**Problem to work on:**
The lines in the listing below are to be given again exactly, starting at the line holding "Craft Invitation Card" and ending at the line holding "サイズ：40 カラー：BLACK 万代Net店". Do not include pictures.

**Supplied entries:**
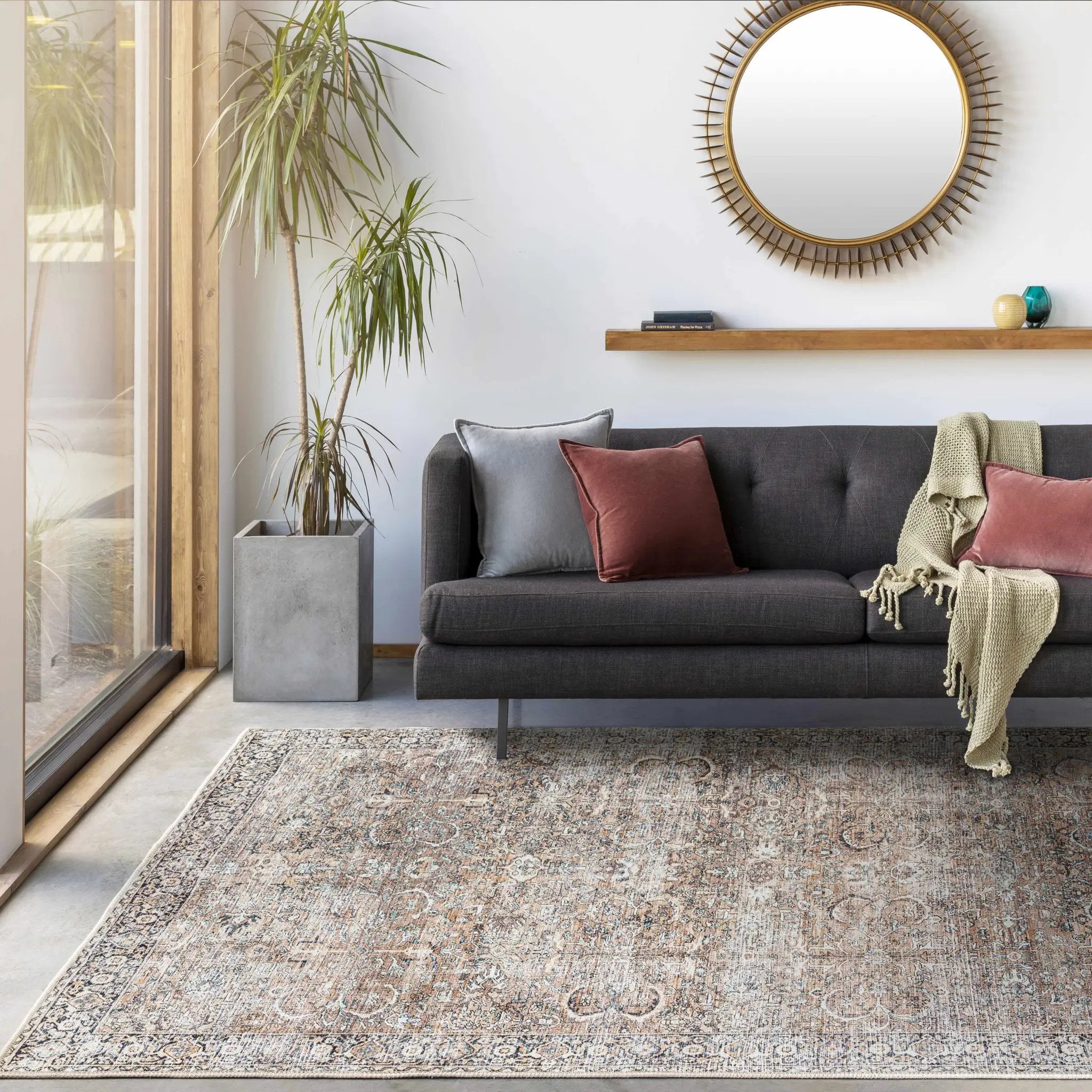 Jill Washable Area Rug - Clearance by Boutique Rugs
--
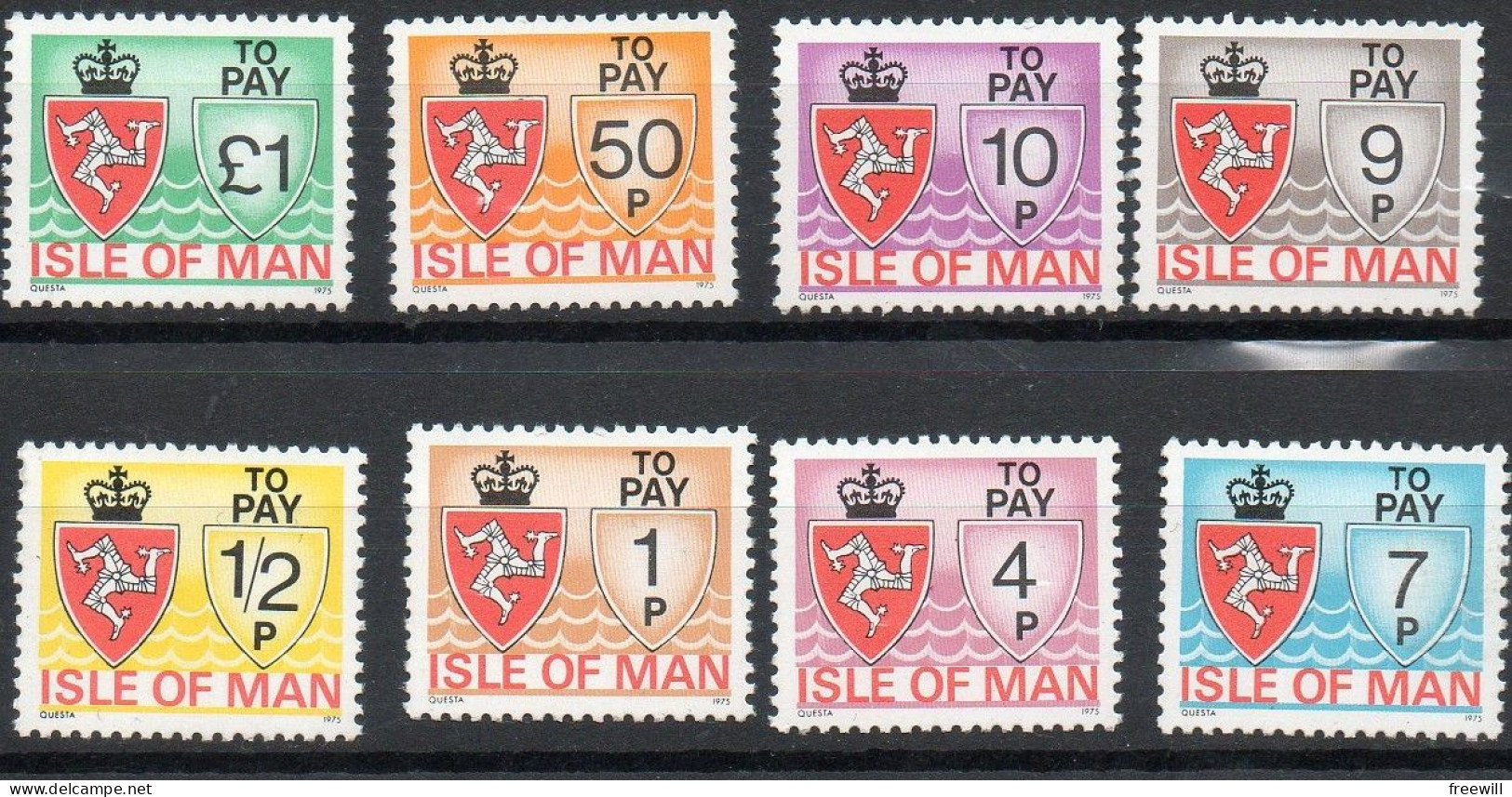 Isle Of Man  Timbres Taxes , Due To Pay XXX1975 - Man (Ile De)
==
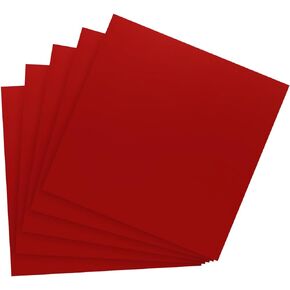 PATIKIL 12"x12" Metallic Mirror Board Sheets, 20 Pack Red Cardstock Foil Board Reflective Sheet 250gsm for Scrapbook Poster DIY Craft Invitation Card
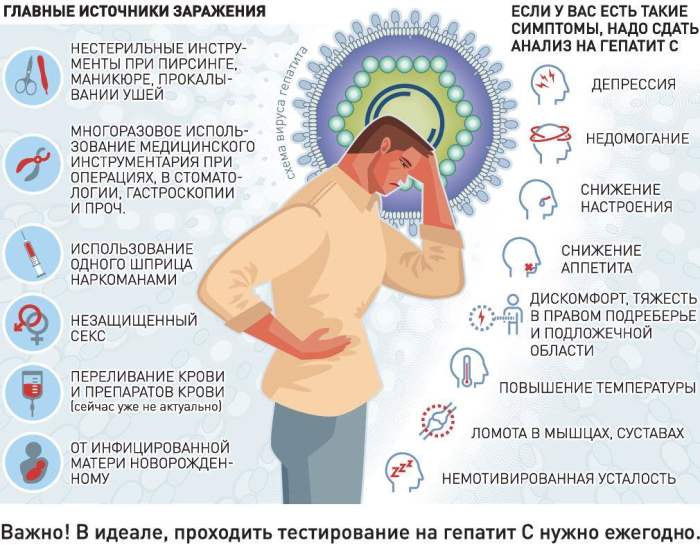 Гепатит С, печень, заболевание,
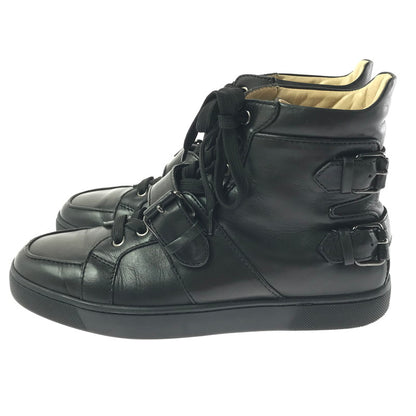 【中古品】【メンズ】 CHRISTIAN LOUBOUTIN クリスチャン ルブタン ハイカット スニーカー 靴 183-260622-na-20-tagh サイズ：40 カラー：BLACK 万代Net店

**Response area:**
 PATIKIL 12"x12" Metallic Mirror Board Sheets, 20 Pack Red Cardstock Foil Board Reflective Sheet 250gsm for Scrapbook Poster DIY Craft Invitation Card
 Гепатит С, печень, заболевание,
 【中古品】【メンズ】 CHRISTIAN LOUBOUTIN クリスチャン ルブタン ハイカット スニーカー 靴 183-260622-na-20-tagh サイズ：40 カラー：BLACK 万代Net店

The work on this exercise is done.